This a repost of a question which was asked at MathStackExchange, but got no answer so far, so I am trying here.
Let $n\ge 1$ and let $Q= \{q_1,\dotsc, q_n\}$ be a set of $n$ odd primes, all different and such that $Q \neq \{3\}$.
Show that there is no such set $Q$ such that for every $q_j$ it holds that $2+\prod_{k \neq j} q_k $ is divisible by $q_j$
(with the convention that an empty product is $1$).
Clearly this is true when $n=1$ since in this case, $q_1 \neq 3$.
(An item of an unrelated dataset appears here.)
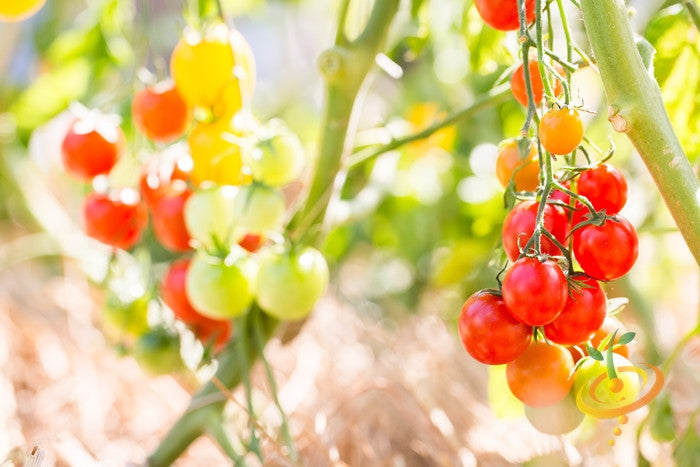 Bunches of red and green cherry tomatoes growing on the vine in a sunlit garden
This is also true for $n=2$ since if $q_1 < q_2$ and $q_1$ divides $q_2+2$, it is not possible that $q_2$ divides $q_1+2$.
For $n=3$, this is shown as follows: suppose that there exist three odd primes $p< q < r$ such that $3\le p \lt q$ and $r\ge 7$ such that $p$ divides $q\cdot r +2$, $q$ divides $p\cdot r +2$ and $r$ divides $p\cdot q +2$, then $p\cdot q$ divides $p\cdot q \cdot r^2 +4 +2r(p+q)$, then there exists an integer $K$ such that $K\cdot p\cdot q=1+r\frac{p+q}{2}$. But $ \frac{1}{p\cdot q}+ \frac{r}{2q}+ \frac{r}{2p} \le \frac{1}{15}+ \frac{r}{10}+ \frac{r}{6}= \frac{1+4r}{15}$. Then $ 1 +r\frac{p+q}{2} \le \frac{1+4r}{15} p\cdot q$ , then $K \le \frac{1+4r}{15}$. On the other hand, $r$ divides $p\cdot q +2$ then $r$ divides $K\cdot p\cdot q+ 2K= 2K+1 + r\frac{p+q}{2}$, then $r$ divides $2K+1 \le \frac{17+8r}{15}$ then $7r \le 17 $ which contradicts $r\ge7$.
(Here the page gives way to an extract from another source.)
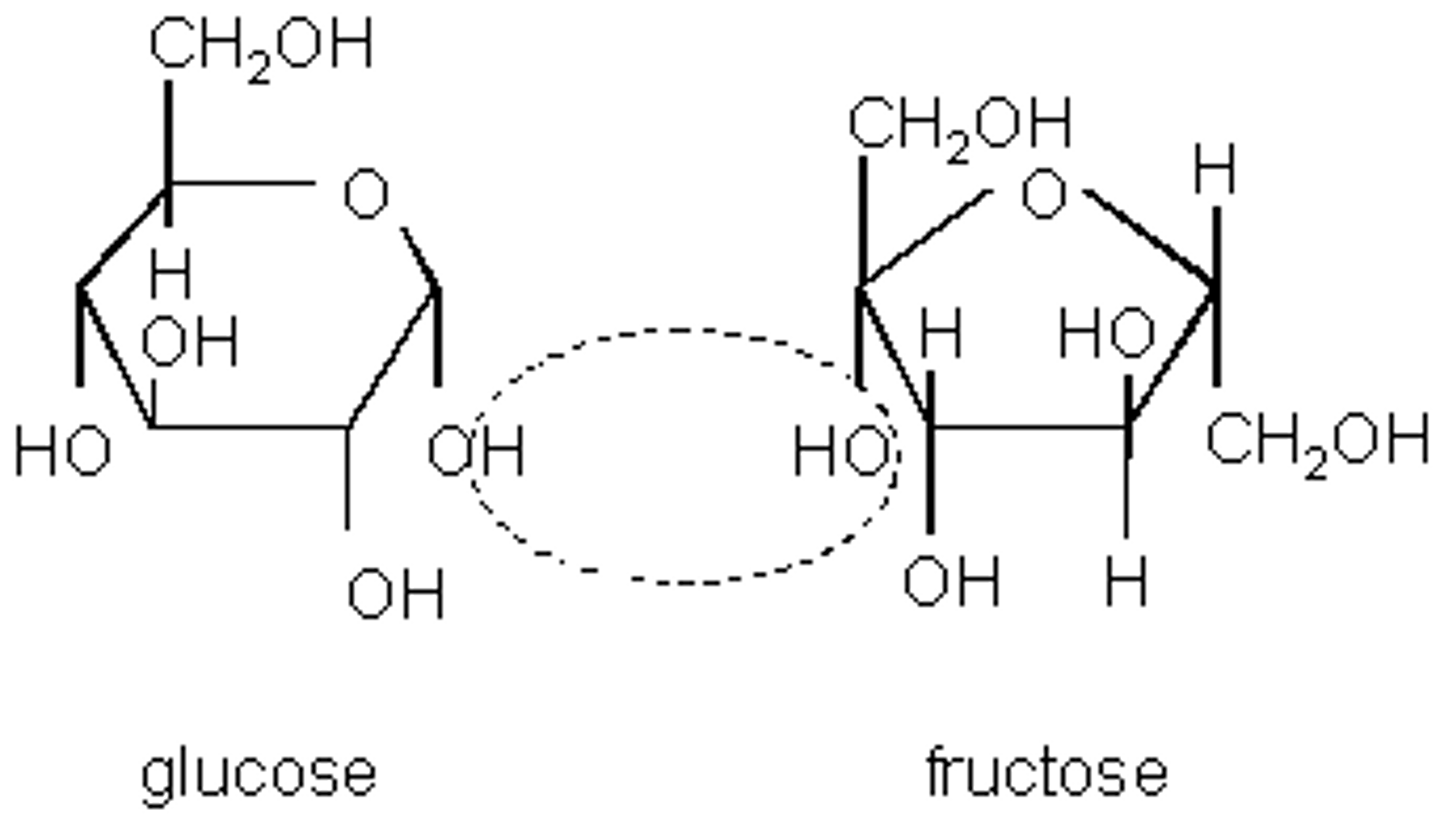 <p>(B) Furanose, Pyranose</p><p>Fructose forms a five membered ring, making it a furanose. Glucose forms a six-membered ring, making it a pyranose.</p>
It can be shown that a similar proof (showing a contradiction on the size of the largest member of $Q$) works as long as $n\le 8$. The case $n=9$ does not bring a contradiction but a finite limit ($958$) to the size of the largest member of $Q$, then the case $n=9$ can be settled by checking a large but finite number of cases. Hence, should such a set $Q$ exist, it has to contain at least $10$ different prime numbers. Similarly, this method shows that if $3$ is not allowed, $Q$ must contain at least $28$ different prime numbers.
For the context, I have found that a proof of the above statement for any $n$ would imply that the conjecture raised in Trying to prove a power sum divisibility conjecture is true:
For positive integers $a$ and $n$, $2a + 3 \nmid 1^n + 2^n + \dotsb + (a - 1)^n + a^n$.
I would also accept as an answer a disproof of the above claim or the exhibition of such a set $Q$.